Video quality assessment based on structural distortion measurement

https://doi.org/10.1016/S0923-5965(03)00076-6Get rights and content

Abstract

Objective image and video quality measures play important roles in a variety of image and video processing applications, such as compression, communication, printing, analysis, registration, restoration, enhancement and watermarking. Most proposed quality assessment approaches in the literature are error sensitivity-based methods. In this paper, we follow a new philosophy in designing image and video quality metrics, which uses structural distortion as an estimate of perceived visual distortion. A computationally efficient approach is developed for full-reference (FR) video quality assessment. The algorithm is tested on the video quality experts group Phase I FR-TV test data set.

Introduction

There has been an increasing need recently to develop objective quality measurement techniques that can predict perceived image and video quality automatically. These methods are useful in a variety of image and video processing applications, such as compression, communication, printing, displaying, analysis, registration, restoration, enhancement and watermarking. Generally speaking, these methods can be employed in three ways. First, they can be used to monitor image/video quality for quality control systems. Second, they can be employed to benchmark image/video processing systems and algorithms. Third, they can also be embedded into image/video processing systems to optimize algorithms and parameter settings.

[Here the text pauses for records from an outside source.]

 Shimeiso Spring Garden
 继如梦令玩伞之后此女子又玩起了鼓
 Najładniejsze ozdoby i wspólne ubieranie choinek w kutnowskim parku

Currently, the most commonly used full-reference (FR) objective image and video distortion/quality metrics are mean squared error (MSE) and peak signal-to-noise ratio (PSNR). MSE and PSNR are widely used because they are simple to calculate, have clear physical meanings, and are mathematically easy to deal with for optimization purposes. However, they have been widely criticized as well for not correlating well with perceived quality measurement [8], [10], [19], [22], [23], [25], [26], [28]. In the last three decades, a great deal of effort has been made to develop objective image and video quality assessment methods, which incorporate perceptual quality measures by considering human visual system (HVS) characteristics. Some of the developed models are commercially available. The video quality experts group (VQEG) was formed to develop, validate and standardize new objective measurement methods for video quality. Although the Phase I test [4], [20] for FR television video quality assessment only achieved limited success, VQEG continues its work on Phase II test for FR quality assessment for television, and reduced-reference (RR) and no-reference (NR) quality assessment for television and multimedia.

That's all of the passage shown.